Green Tea May Help Live Longer with a Healthy Heart

A new study shored up beliefs that green tea can aid health. Scientists say that people who drink green tea three or more times a week have longer lifespans and decreased rates of heart disease and strokes. Unfortunately, people who drink black tea experience some, but not all, of the same health benefits.  
The fans of green tea lived, on average, 15 months longer and were 20 percent less likely to have a stroke or heart disease. There were, overall, 15 percent less likely to die from other problems over the time of the research. The study looked at data from over 100,000 people. When they checked in with the same group five years after the original research, the tea drinkers were 15 percent less likely to have died.
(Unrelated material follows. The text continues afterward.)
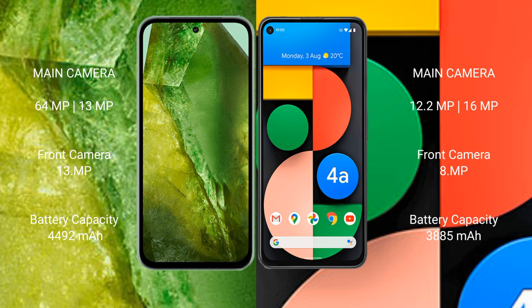Google Pixel 8a rear setup: dual camera 64MP plus 13MP, front camera 13MP. Google Pixel 4a rear setup: dual camera 12.2MP plus 16MP, front camera 8MP.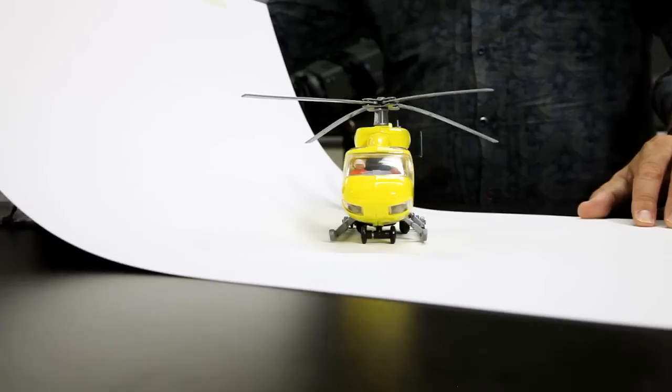Shane, what will you be showing us today? I'm going to show you some really great tips to help you improve your photography and selling your product on eBay. Fantastic! Let's get started.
They were also 39 percent less likely to have had a stroke or developed heart disease and 56 percent less likely to die from a heart problem. They also saw better brain function in the tea drinkers. Milk and sugar decreased the impact of tea.
This is a big boon for green tea drinkers. Green and black tea come from the same plant, it’s just that black tea is exposed to air and oxidized while green tea is not. Green tea is higher in antioxidants, which may explain the difference in health results. It also has more caffeine. Green tea has a more astringent and grassy flavor compared to black tea’s nutty taste. If you haven’t been a big tea drinker in the past, you might want to try it again!
The study was performed in China. Along with understanding that people have different physiological reactions to things, it’s also important to recognize different cultural practices and lifestyle factors. “In China drinking tea is not only about quenching thirst or staying hydrated – the act of drinking tea involves taking time out of your day to brew the tea and drink it whilst taking time to slow down and bring calmness and serenity to your day,” said Jodie Relf, spokesperson from the British Dietetic Association. “This time of calm alongside the health-promoting properties of the tea may be what improves their health by reducing stress levels.”
Compounds in tea have been found to have significant heart benefits in earlier studies. If it is true that this study is skewed by lifestyle differences, it doesn’t mean you should necessarily write it off. If the benefit comes from the calming ritual of making tea, embrace it. Take time to brew your own tea, and have a real tea break: put aside your tasks and focus on enjoying your tea.